I have been designated as the new Website Manager at my Church. I want to redesign our website, any suggestions for any inexpensive and uncomplicated website design programs. i am a slightly technologically retarded, so I need something simple, and cheap that will look really cool. Here is a link to our present website I think it could use a little updating and dressing up.
http://www.opcfw.com/about_opc.shtml

[Edited on 4-22-2005 by Irishcat922]


----------



## blhowes (Apr 21, 2005)

Sean,
If you're not real familiar with HTML, you might try downloading CoffeeCup Software. I used it for a while a few years back and its very user friendly.

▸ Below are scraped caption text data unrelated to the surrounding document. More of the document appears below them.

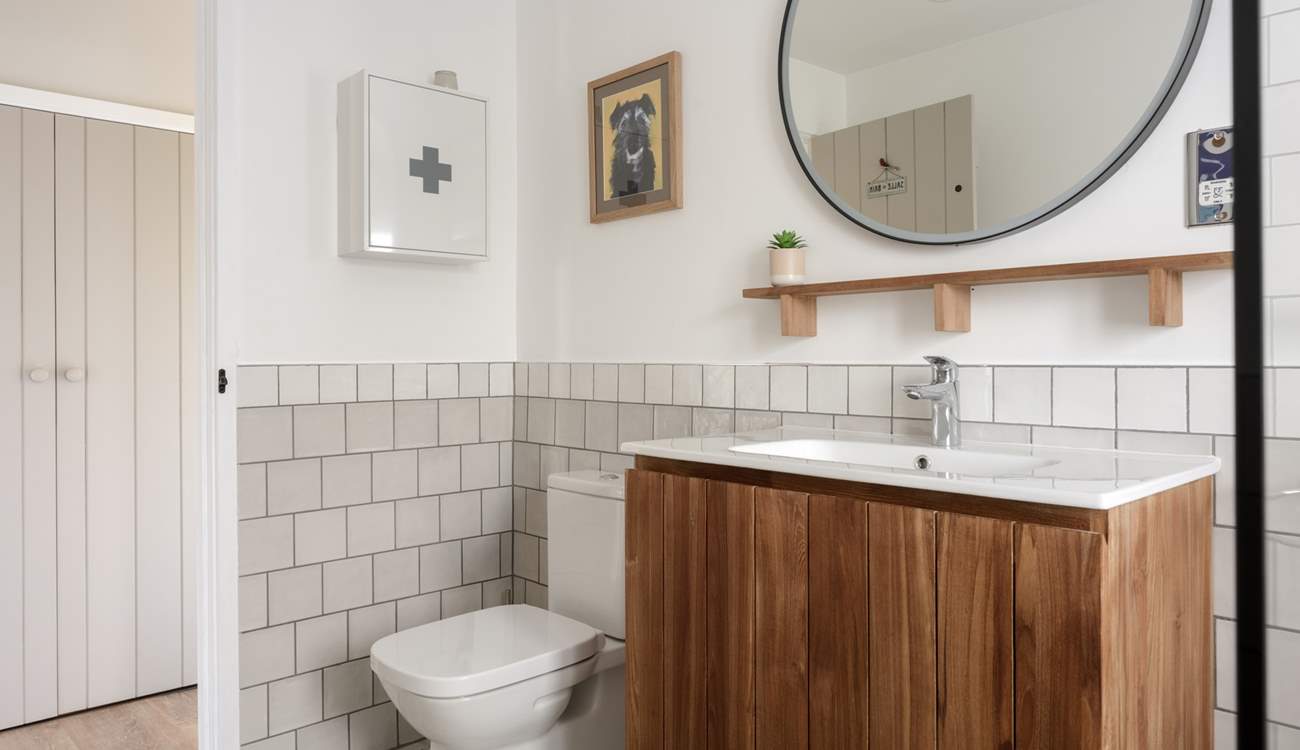 The spacious shower-room sits beside the bedroom.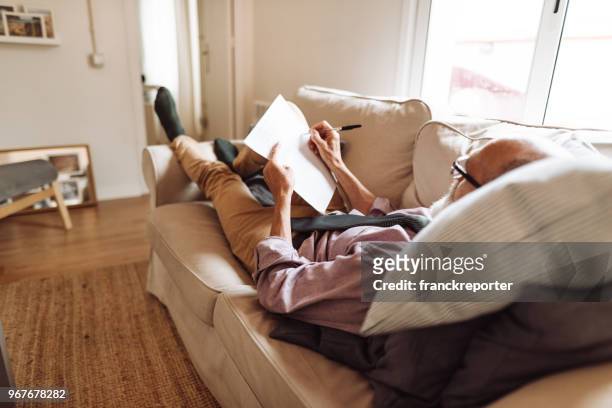 senior man writing a document lying down in the sofa - writing a list stock pictures, royalty-free photos & images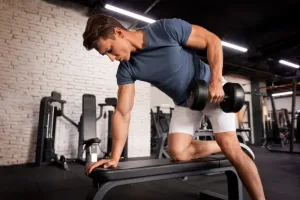 Hombre realizando remo con mancuerna en banco plano en gimnasio, ejercicio ideal para fortalecer la espalda y mejorar la definición muscular.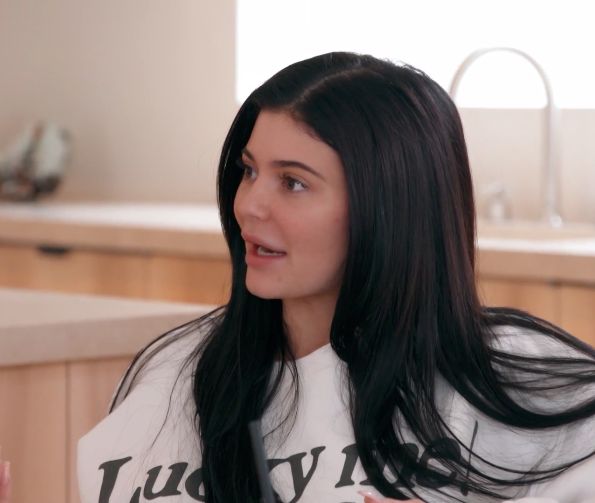 Jenner talking to Kim and Khloé Kardashian in the upcoming E! clip.
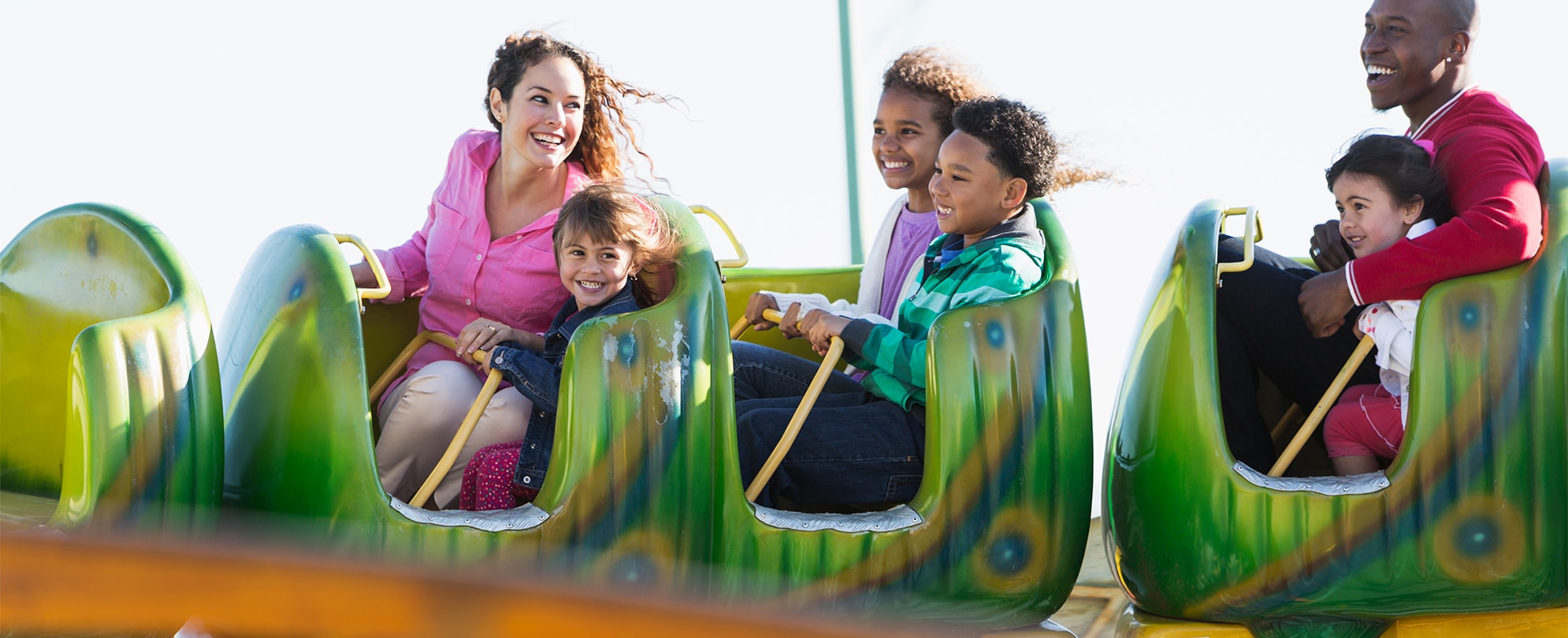 Kids and adults riding a children's rollercoaster at one of the Orlando theme parks.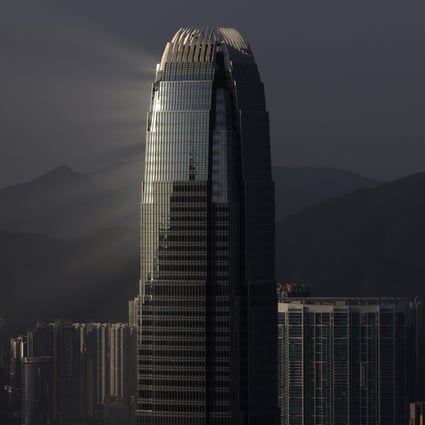 Light rays emerge from the International Finance Centre in Hong Kong’s Central business district in October 2021. Photo: Nora Tam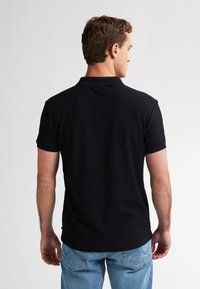 Černé polo tričko s texturovaným designem, krátkým rukávem a klasickým límcem, v kombinaci s světle modrými džíny. Pohled je zezadu.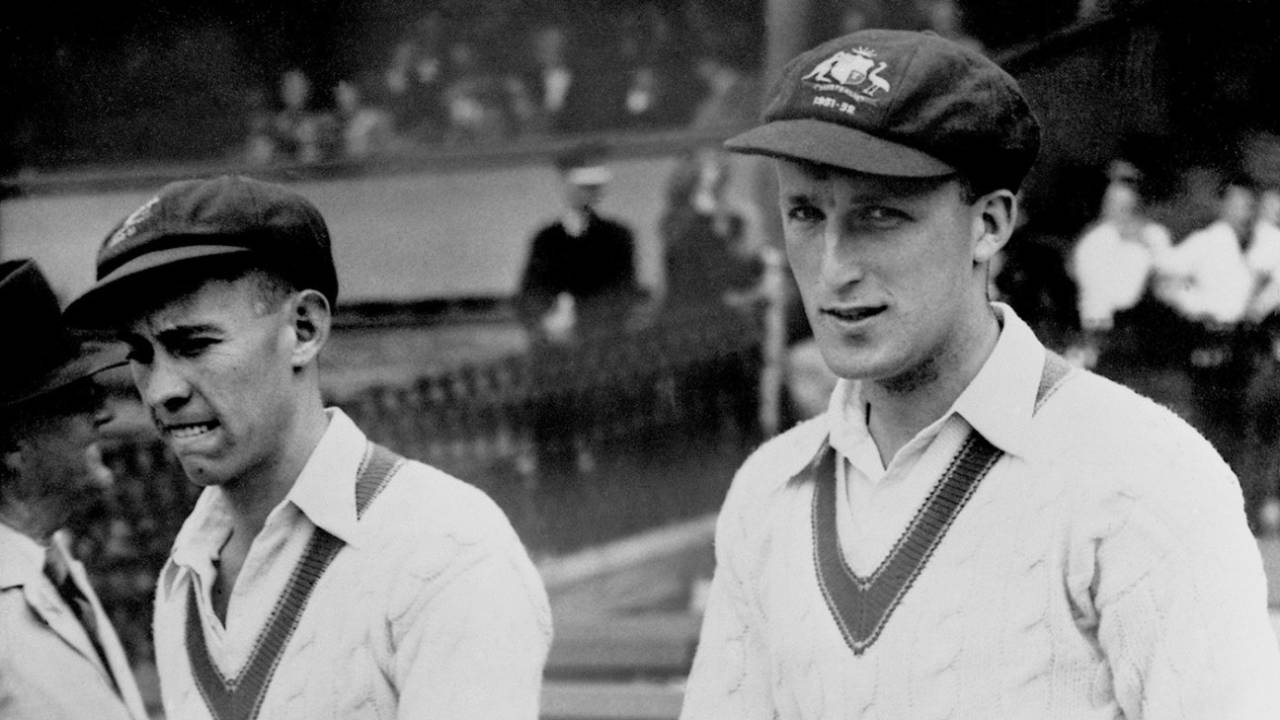 Ken Archer (left) and Graeme Hole walk out onto the field, Australia v West Indies, second Test, day one, Sydney, November 30, 1951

Its shareware so you can download it and check it out before buying it.
Bob

[Edited on 4-22-2005 by blhowes]


----------



## Irishcat922 (Apr 21, 2005)

Thanks Bob I'll check it out!


----------



## larryjf (May 10, 2005)

If you need some help with the programming or anything, i would be more than happy to help you out.

I have some examples of web designs on my site...
http://lbray.prohosting.com/webdesign/examples.html

I can also hook you up with programs to read the ESV bible through your church site and have discussion forums like this one if you want. (provided the server is Microsoft, allowing ASP programs)

[Edited on 5-10-2005 by larryjf]


----------



## crhoades (May 10, 2005)

For a cool software that allows you to do a lot of cool Flash type of thing check out Swish: http://www.swishzone.com/

They also have prebuilt templates that you can work with. Check out the free download if you want to play with it to check it out.


----------



## ChristianasJourney (May 11, 2005)

I've heard that sitespinner.com is really good and simple.


----------